For the square root function $g(x) = \sqrt{x}$, we have

\begin{align} g'(x) = 0.5x^{-0.5} \\ g''(x) = -0.25x^{-1.5} \\ \end{align}

So the second derivative is negative everywhere except if $x = 0$. So $g(x)$ is strictly concave if $x > 0$. But when $x = 0$, the second derivative is undefined. What can we say about the strict concavity or the square root function at $x = 0$?
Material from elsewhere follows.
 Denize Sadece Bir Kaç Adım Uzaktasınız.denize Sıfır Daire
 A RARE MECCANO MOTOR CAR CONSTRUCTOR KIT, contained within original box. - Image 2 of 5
It seems that we can't prove strict concavity using the second derivative, but using Jensen's inequality, I think we can fairly easily show it, though even with Jensen's, we would have to assume that $t \in (0, 1)$ instead of $t \in [0, 1]$, or we run into the same issue.

Answer 1

hint

Let $ a>0$.

$f:x\mapsto \sqrt{x} $ is strictly concave at $ [0,a]$ because it is syrictly concave at $(0,a] $ and

$$(\forall y\in (0,a])\; (\forall t\in(0,1))\;\;$$ $$ f(ty)=\sqrt{ty}>t\sqrt{y}$$ since $\sqrt{t}>t$.

Answer 2

Another view:

One definition of concavity is as follows:

Suppose $a < b$. The function $g$ is [strictly] concave on the interval $[a,b]$ if for all $x$ with $a < x < b$ we have: $$\frac {g(x) - g(a)}{x - a} > \frac{g(b) - g(a)}{b - a}.$$

For the function $g$ defined by $g(x) = \sqrt x$ and the interval $[0,b]$ we have for $0 < x < b$, \begin{align} \frac {g(x) - g(0)}{x - 0} &= \frac {\sqrt x}{x}, \\ &= \frac{1}{\sqrt x}, \end{align}

and similarly

\begin{align} \frac {g(b) - g(0)}{b - 0} &= \frac {\sqrt b}{b}, \\ &= \frac{1}{\sqrt b}. \end{align}

Comparing, we see that for all $0 < x < b$,

$$\frac{1}{\sqrt x} > \frac{1}{\sqrt b},$$ or $$\frac {g(x) - g(0)}{x - 0} > \frac {g(b) - g(0)}{b - 0}.$$

Thus, $g$ is strictly concave on $[0,b]$. As this is true for any $b > 0$, $g$ is strictly concave on $[0,\infty)$.